Segment Start: GIVEN ENTRIES

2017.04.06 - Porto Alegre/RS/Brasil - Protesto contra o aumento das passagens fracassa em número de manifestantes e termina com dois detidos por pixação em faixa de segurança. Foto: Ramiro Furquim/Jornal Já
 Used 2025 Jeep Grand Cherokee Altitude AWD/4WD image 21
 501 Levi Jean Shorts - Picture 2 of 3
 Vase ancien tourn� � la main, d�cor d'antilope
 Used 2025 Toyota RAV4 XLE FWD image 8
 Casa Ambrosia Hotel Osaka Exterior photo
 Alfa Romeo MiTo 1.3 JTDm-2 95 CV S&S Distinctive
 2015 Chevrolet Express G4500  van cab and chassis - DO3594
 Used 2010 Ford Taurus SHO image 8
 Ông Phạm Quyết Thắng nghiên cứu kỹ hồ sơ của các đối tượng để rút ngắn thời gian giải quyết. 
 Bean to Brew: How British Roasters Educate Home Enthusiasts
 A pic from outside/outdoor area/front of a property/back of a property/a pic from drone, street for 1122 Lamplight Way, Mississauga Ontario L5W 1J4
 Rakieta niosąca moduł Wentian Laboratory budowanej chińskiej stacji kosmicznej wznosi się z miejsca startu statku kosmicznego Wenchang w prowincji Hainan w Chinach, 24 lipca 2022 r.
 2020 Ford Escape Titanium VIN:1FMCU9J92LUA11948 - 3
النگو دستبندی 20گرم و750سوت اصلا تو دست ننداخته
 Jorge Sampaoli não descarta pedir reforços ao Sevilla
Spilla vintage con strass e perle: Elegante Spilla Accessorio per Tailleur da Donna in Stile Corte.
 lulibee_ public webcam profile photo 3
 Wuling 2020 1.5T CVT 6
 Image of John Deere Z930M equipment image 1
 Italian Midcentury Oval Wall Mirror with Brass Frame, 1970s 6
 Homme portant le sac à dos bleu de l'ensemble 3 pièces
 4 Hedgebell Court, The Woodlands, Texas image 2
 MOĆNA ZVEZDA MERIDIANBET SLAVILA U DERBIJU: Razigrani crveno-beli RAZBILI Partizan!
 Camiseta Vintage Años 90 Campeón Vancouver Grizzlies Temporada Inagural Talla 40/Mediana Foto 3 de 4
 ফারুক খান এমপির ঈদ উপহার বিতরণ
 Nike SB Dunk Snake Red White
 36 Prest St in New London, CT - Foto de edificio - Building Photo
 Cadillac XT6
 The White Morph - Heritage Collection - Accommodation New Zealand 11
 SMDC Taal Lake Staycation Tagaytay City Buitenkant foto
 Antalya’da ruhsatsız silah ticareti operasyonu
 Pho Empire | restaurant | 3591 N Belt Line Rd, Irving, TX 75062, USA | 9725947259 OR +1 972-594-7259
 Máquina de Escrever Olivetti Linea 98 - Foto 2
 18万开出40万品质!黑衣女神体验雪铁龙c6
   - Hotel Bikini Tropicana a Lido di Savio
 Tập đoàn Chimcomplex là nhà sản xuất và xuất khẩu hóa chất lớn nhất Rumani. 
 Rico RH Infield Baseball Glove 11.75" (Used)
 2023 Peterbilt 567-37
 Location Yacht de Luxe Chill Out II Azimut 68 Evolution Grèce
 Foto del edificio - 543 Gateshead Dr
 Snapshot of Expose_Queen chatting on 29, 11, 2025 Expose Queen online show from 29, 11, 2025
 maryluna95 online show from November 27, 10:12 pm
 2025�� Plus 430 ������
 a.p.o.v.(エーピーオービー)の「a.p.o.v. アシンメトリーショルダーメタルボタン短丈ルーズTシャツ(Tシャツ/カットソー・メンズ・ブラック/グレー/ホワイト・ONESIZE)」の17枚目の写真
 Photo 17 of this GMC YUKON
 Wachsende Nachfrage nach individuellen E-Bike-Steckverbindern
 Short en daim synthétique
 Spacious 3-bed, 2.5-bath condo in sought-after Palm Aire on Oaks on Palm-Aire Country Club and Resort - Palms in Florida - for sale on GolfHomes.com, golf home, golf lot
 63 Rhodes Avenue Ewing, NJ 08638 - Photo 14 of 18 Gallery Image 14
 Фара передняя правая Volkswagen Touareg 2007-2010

Segment End: GIVEN ENTRIES

### EXERCISE DESCRIPTION
From the first record to the last, print each one exactly.

### YOUR SOLUTION
2017.04.06 - Porto Alegre/RS/Brasil - Protesto contra o aumento das passagens fracassa em número de manifestantes e termina com dois detidos por pixação em faixa de segurança. Foto: Ramiro Furquim/Jornal Já
 Used 2025 Jeep Grand Cherokee Altitude AWD/4WD image 21
 501 Levi Jean Shorts - Picture 2 of 3
 Vase ancien tourn� � la main, d�cor d'antilope
 Used 2025 Toyota RAV4 XLE FWD image 8
 Casa Ambrosia Hotel Osaka Exterior photo
 Alfa Romeo MiTo 1.3 JTDm-2 95 CV S&S Distinctive
 2015 Chevrolet Express G4500  van cab and chassis - DO3594
 Used 2010 Ford Taurus SHO image 8
 Ông Phạm Quyết Thắng nghiên cứu kỹ hồ sơ của các đối tượng để rút ngắn thời gian giải quyết. 
 Bean to Brew: How British Roasters Educate Home Enthusiasts
 A pic from outside/outdoor area/front of a property/back of a property/a pic from drone, street for 1122 Lamplight Way, Mississauga Ontario L5W 1J4
 Rakieta niosąca moduł Wentian Laboratory budowanej chińskiej stacji kosmicznej wznosi się z miejsca startu statku kosmicznego Wenchang w prowincji Hainan w Chinach, 24 lipca 2022 r.
 2020 Ford Escape Titanium VIN:1FMCU9J92LUA11948 - 3
النگو دستبندی 20گرم و750سوت اصلا تو دست ننداخته
 Jorge Sampaoli não descarta pedir reforços ao Sevilla
Spilla vintage con strass e perle: Elegante Spilla Accessorio per Tailleur da Donna in Stile Corte.
 lulibee_ public webcam profile photo 3
 Wuling 2020 1.5T CVT 6
 Image of John Deere Z930M equipment image 1
 Italian Midcentury Oval Wall Mirror with Brass Frame, 1970s 6
 Homme portant le sac à dos bleu de l'ensemble 3 pièces
 4 Hedgebell Court, The Woodlands, Texas image 2
 MOĆNA ZVEZDA MERIDIANBET SLAVILA U DERBIJU: Razigrani crveno-beli RAZBILI Partizan!
 Camiseta Vintage Años 90 Campeón Vancouver Grizzlies Temporada Inagural Talla 40/Mediana Foto 3 de 4
 ফারুক খান এমপির ঈদ উপহার বিতরণ
 Nike SB Dunk Snake Red White
 36 Prest St in New London, CT - Foto de edificio - Building Photo
 Cadillac XT6
 The White Morph - Heritage Collection - Accommodation New Zealand 11
 SMDC Taal Lake Staycation Tagaytay City Buitenkant foto
 Antalya’da ruhsatsız silah ticareti operasyonu
 Pho Empire | restaurant | 3591 N Belt Line Rd, Irving, TX 75062, USA | 9725947259 OR +1 972-594-7259
 Máquina de Escrever Olivetti Linea 98 - Foto 2
 18万开出40万品质!黑衣女神体验雪铁龙c6
   - Hotel Bikini Tropicana a Lido di Savio
 Tập đoàn Chimcomplex là nhà sản xuất và xuất khẩu hóa chất lớn nhất Rumani. 
 Rico RH Infield Baseball Glove 11.75" (Used)
 2023 Peterbilt 567-37
 Location Yacht de Luxe Chill Out II Azimut 68 Evolution Grèce
 Foto del edificio - 543 Gateshead Dr
 Snapshot of Expose_Queen chatting on 29, 11, 2025 Expose Queen online show from 29, 11, 2025
 maryluna95 online show from November 27, 10:12 pm
 2025�� Plus 430 ������
 a.p.o.v.(エーピーオービー)の「a.p.o.v. アシンメトリーショルダーメタルボタン短丈ルーズTシャツ(Tシャツ/カットソー・メンズ・ブラック/グレー/ホワイト・ONESIZE)」の17枚目の写真
 Photo 17 of this GMC YUKON
 Wachsende Nachfrage nach individuellen E-Bike-Steckverbindern
 Short en daim synthétique
 Spacious 3-bed, 2.5-bath condo in sought-after Palm Aire on Oaks on Palm-Aire Country Club and Resort - Palms in Florida - for sale on GolfHomes.com, golf home, golf lot
 63 Rhodes Avenue Ewing, NJ 08638 - Photo 14 of 18 Gallery Image 14
 Фара передняя правая Volkswagen Touareg 2007-2010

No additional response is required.